Indian expats in the UAE have been widely critical of the Indian government’s decision to issue orange passports to people who require emigration clearance for travel to a group of 18 countries, mostly in the Gulf region.
The Indian Foreign Ministry said last week that people who have graduated high school, or are among the 2 percent of Indians who pay income tax, and do not require emigration checks, will be issued with blue passports. That excludes the vast majority of Indian migrant workers in the Gulf.
“I don’t understand why the color has changed. How can any country discriminate against its own people on the basis of education? We are citizens of a democratic country and such a decision is against the basic foundations of democracy,” said one 42-year-old mason, who has been working in Dubai for over a decade.
Sharjah-based K.V. Shamsudheen, who heads the Pravasi Bandhu Welfare Trust, has written a letter to Sushma Swaraj, the Indian minister for external affairs, saying that this move will lead to discrimination.
“Segregating citizens this way is not acceptable. There will be a different line at the airport and other countries may consider a group of our own citizens as inferior,” Shamsudheen wrote.
“The idea is equivalent to creating an upper class and a lower class. There is no need for such a change. No developed country has such a system,” said Biju Soman of the Indian Association Sharjah.
Oommen Chandy, a member of the legislative assembly and former chief minister of the Indian state of Kerala, has written a letter to Indian Prime Minister Narendra Modi saying that the decision will lead to problems for Indian expats, especially blue-collar workers in Gulf countries.

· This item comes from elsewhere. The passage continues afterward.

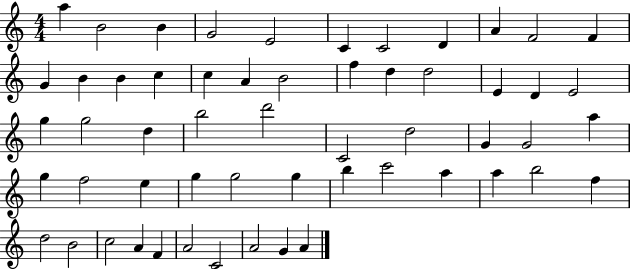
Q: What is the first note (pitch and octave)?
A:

“The decision is unfortunate as it will (classify) two different types of citizens, one with education and one without; this results in discrimination against our citizens. I am afraid that it may lead to insecurity among our citizens,” he said.

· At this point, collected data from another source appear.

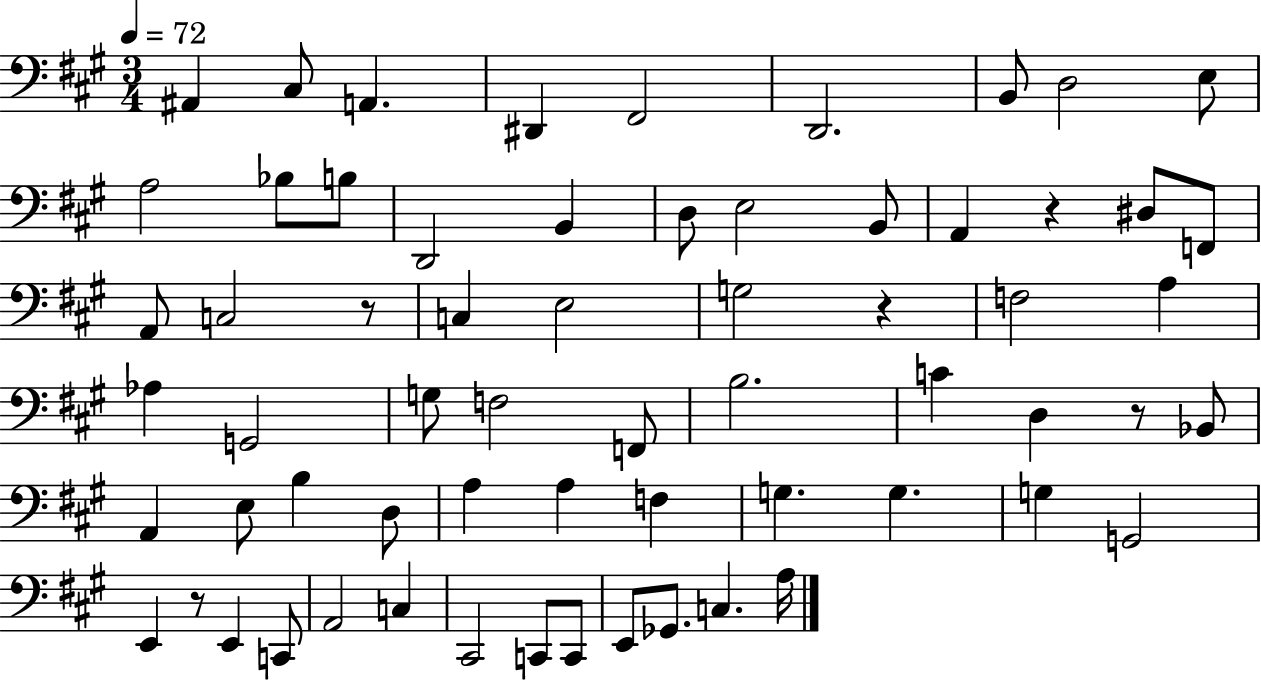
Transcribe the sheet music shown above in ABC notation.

X:1
T:Untitled
M:3/4
L:1/4
K:A
^A,, ^C,/2 A,, ^D,, ^F,,2 D,,2 B,,/2 D,2 E,/2 A,2 _B,/2 B,/2 D,,2 B,, D,/2 E,2 B,,/2 A,, z ^D,/2 F,,/2 A,,/2 C,2 z/2 C, E,2 G,2 z F,2 A, _A, G,,2 G,/2 F,2 F,,/2 B,2 C D, z/2 _B,,/2 A,, E,/2 B, D,/2 A, A, F, G, G, G, G,,2 E,, z/2 E,, C,,/2 A,,2 C, ^C,,2 C,,/2 C,,/2 E,,/2 _G,,/2 C, A,/4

“The moment an orange passport holder lands in a foreign country, he will be treated as a second-class citizen and it will result in mental harassment to our honorable citizens,” Chandy wrote in his letter.
“According to available sources, nearly 15 percent of the 2.5 million Kerala diaspora (did not graduate high school, and are) thus qualified for orange color passport only. In other states it would be more than that,” he said.
According to the International Labor Organization (ILO) report on Indian migrant workers, India sends the largest number of migrants to GCC countries, accounting for more than a quarter of the region’s total migrant population in 2013.
The current annual recorded flow of low-skilled labor migrants from India to GCC countries is around 600,000 to 800,000 workers per year.